* [Dataset extract]:

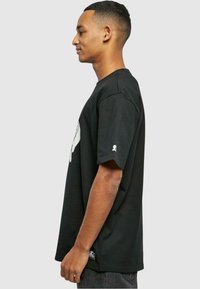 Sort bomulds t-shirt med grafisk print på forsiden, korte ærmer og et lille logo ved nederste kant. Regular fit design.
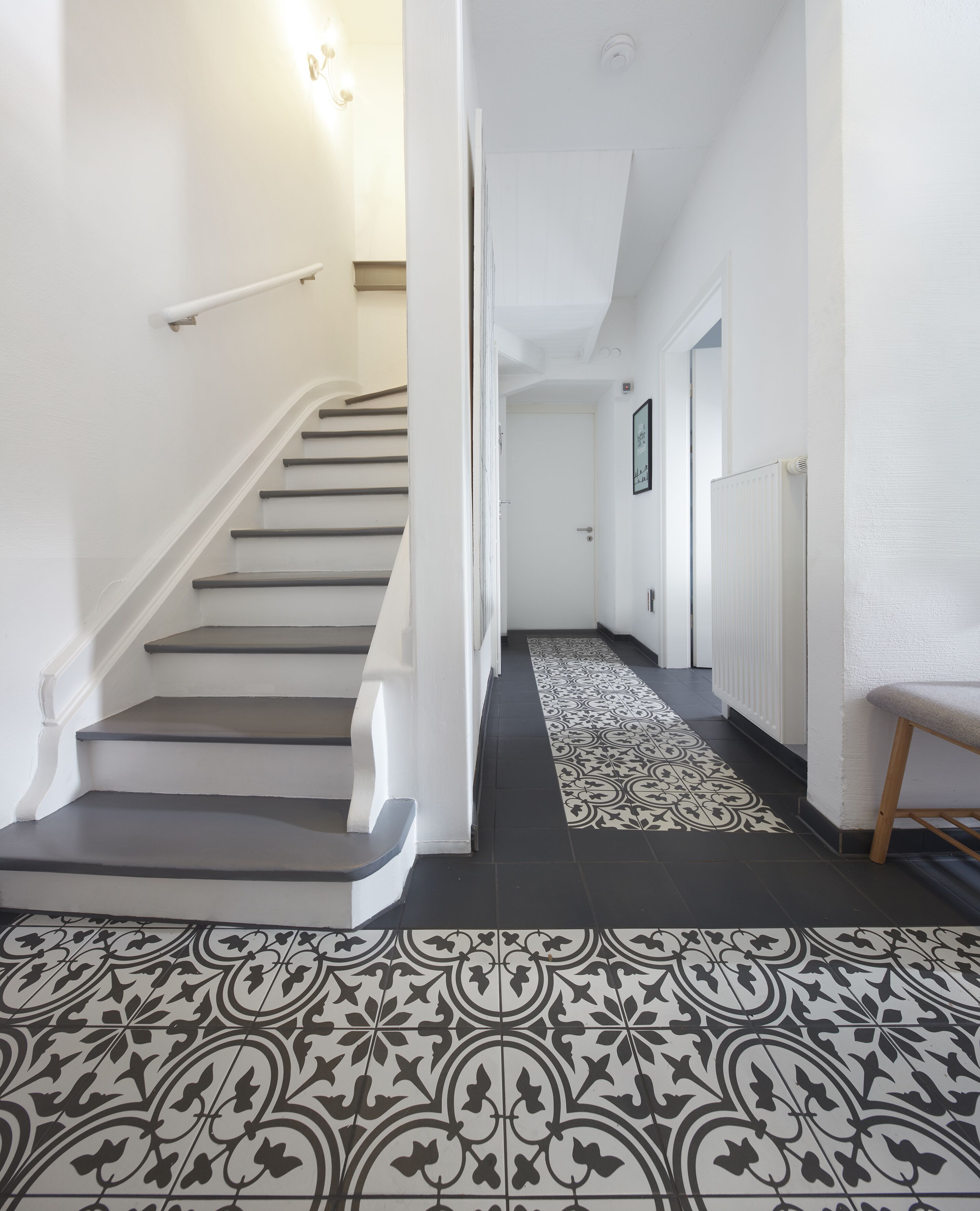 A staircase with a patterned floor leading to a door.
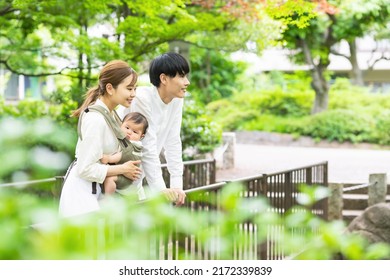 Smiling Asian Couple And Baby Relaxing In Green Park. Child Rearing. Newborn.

* [Your task]: An exact transcription of the listing is required, and it must contain no pictures.

* [Response to this exercise]:
 Sort bomulds t-shirt med grafisk print på forsiden, korte ærmer og et lille logo ved nederste kant. Regular fit design.
 A staircase with a patterned floor leading to a door.
 Smiling Asian Couple And Baby Relaxing In Green Park. Child Rearing. Newborn.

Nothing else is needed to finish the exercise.